> Work instruction
Using the data below, output a verbatim copy of the lines between the one holding "Viva Home RV274" and the one holding "Pizza Pun Black", inclusive, without any pictures.

> Data to use
*** Begin section ***

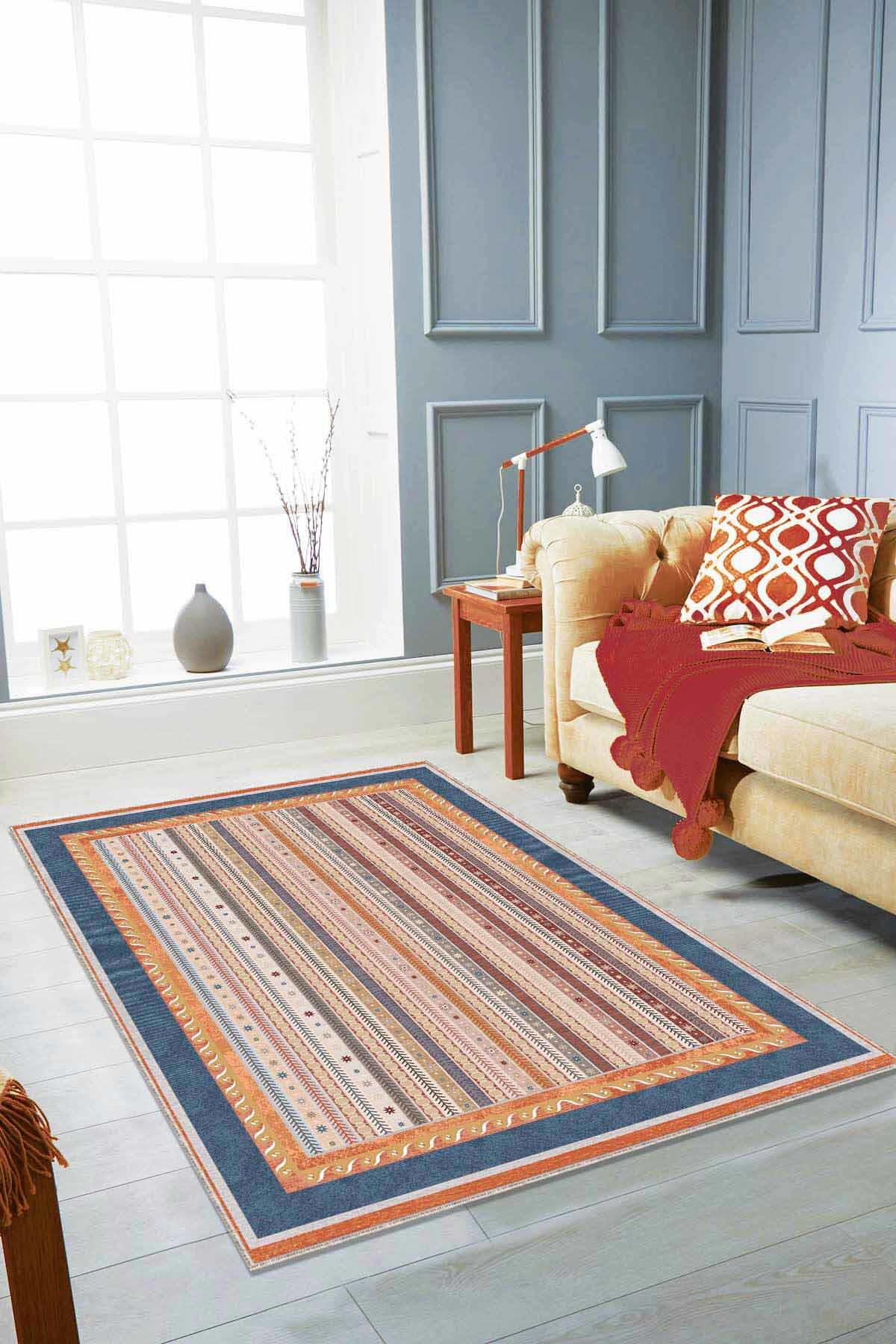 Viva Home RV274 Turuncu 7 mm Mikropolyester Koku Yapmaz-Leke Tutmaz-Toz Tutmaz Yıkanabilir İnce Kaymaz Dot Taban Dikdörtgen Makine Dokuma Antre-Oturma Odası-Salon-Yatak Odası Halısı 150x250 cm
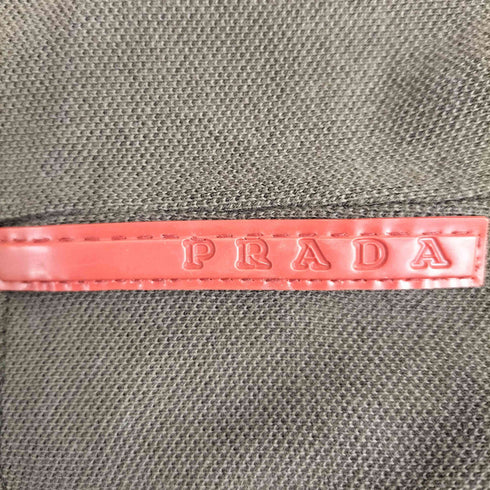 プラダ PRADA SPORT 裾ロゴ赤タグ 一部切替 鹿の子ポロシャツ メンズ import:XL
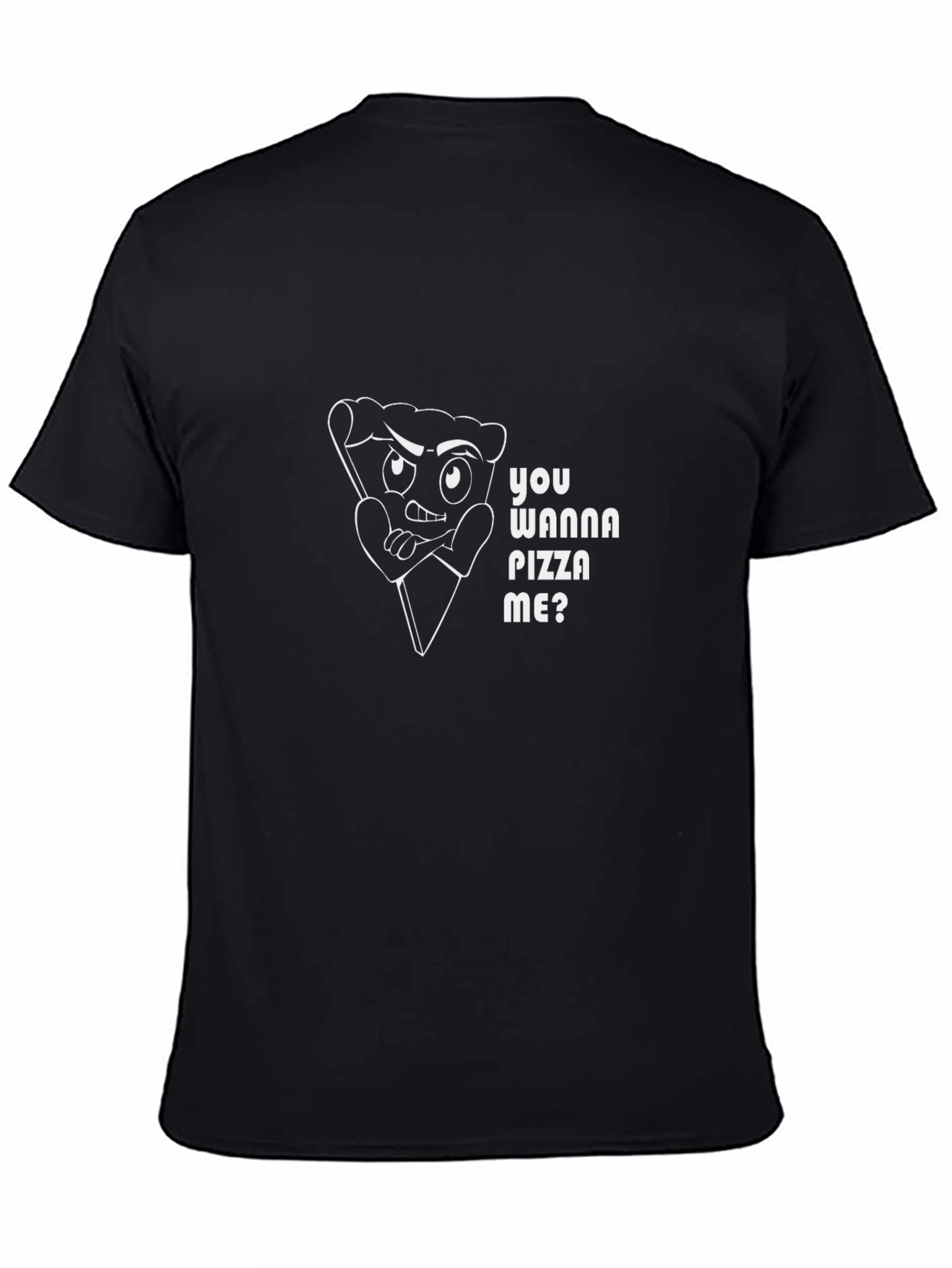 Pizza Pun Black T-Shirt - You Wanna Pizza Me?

*** End section ***
*** Begin section ***

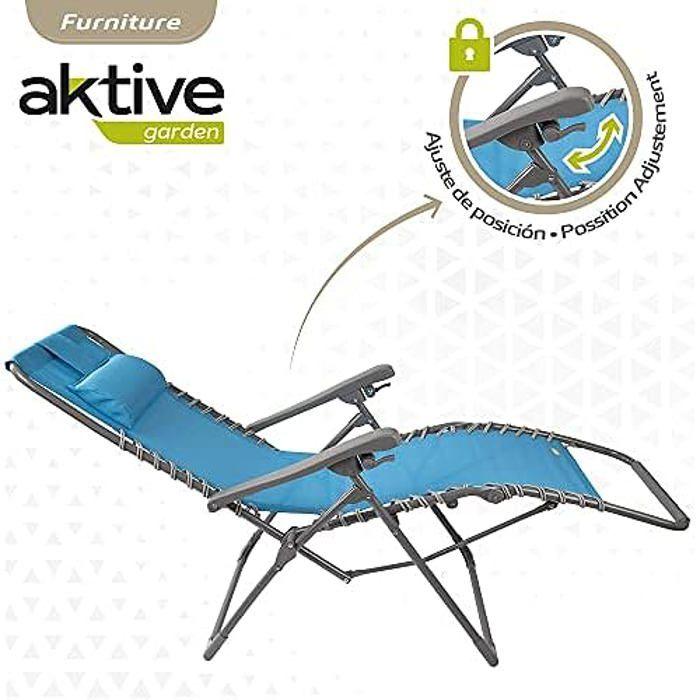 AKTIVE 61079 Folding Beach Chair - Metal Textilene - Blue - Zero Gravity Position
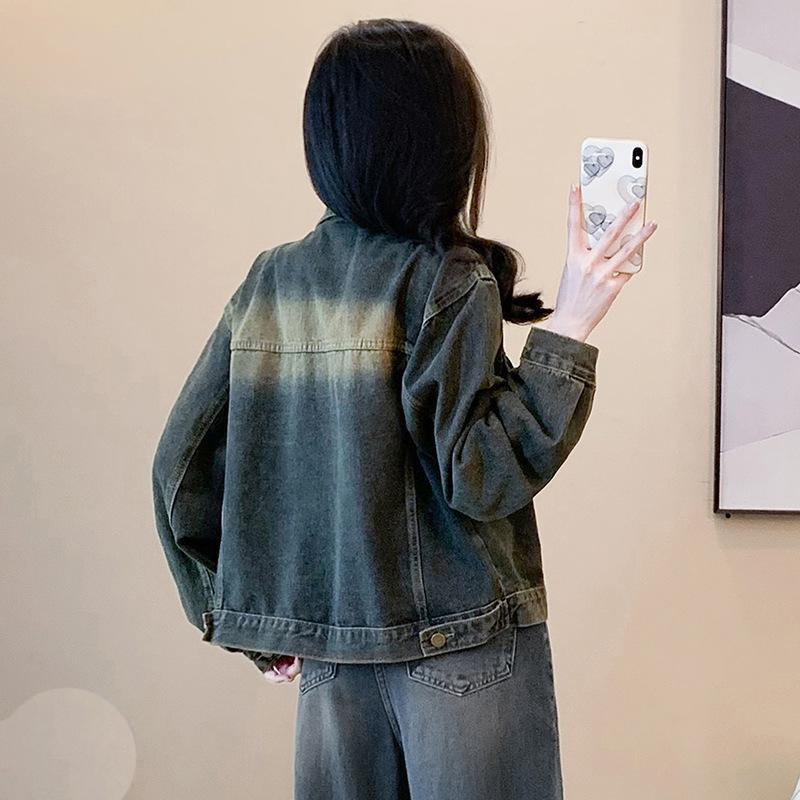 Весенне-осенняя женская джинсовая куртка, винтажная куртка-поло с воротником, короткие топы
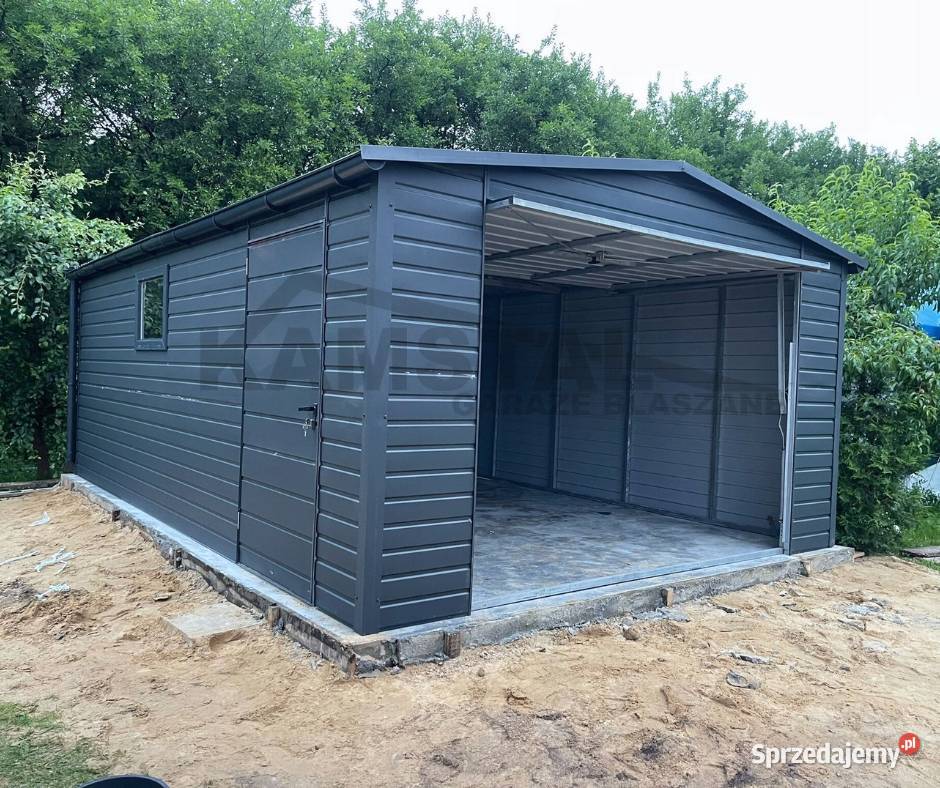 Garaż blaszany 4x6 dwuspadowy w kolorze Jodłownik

*** End section ***

> Problem solution
 Viva Home RV274 Turuncu 7 mm Mikropolyester Koku Yapmaz-Leke Tutmaz-Toz Tutmaz Yıkanabilir İnce Kaymaz Dot Taban Dikdörtgen Makine Dokuma Antre-Oturma Odası-Salon-Yatak Odası Halısı 150x250 cm
 プラダ PRADA SPORT 裾ロゴ赤タグ 一部切替 鹿の子ポロシャツ メンズ import:XL
 Pizza Pun Black T-Shirt - You Wanna Pizza Me?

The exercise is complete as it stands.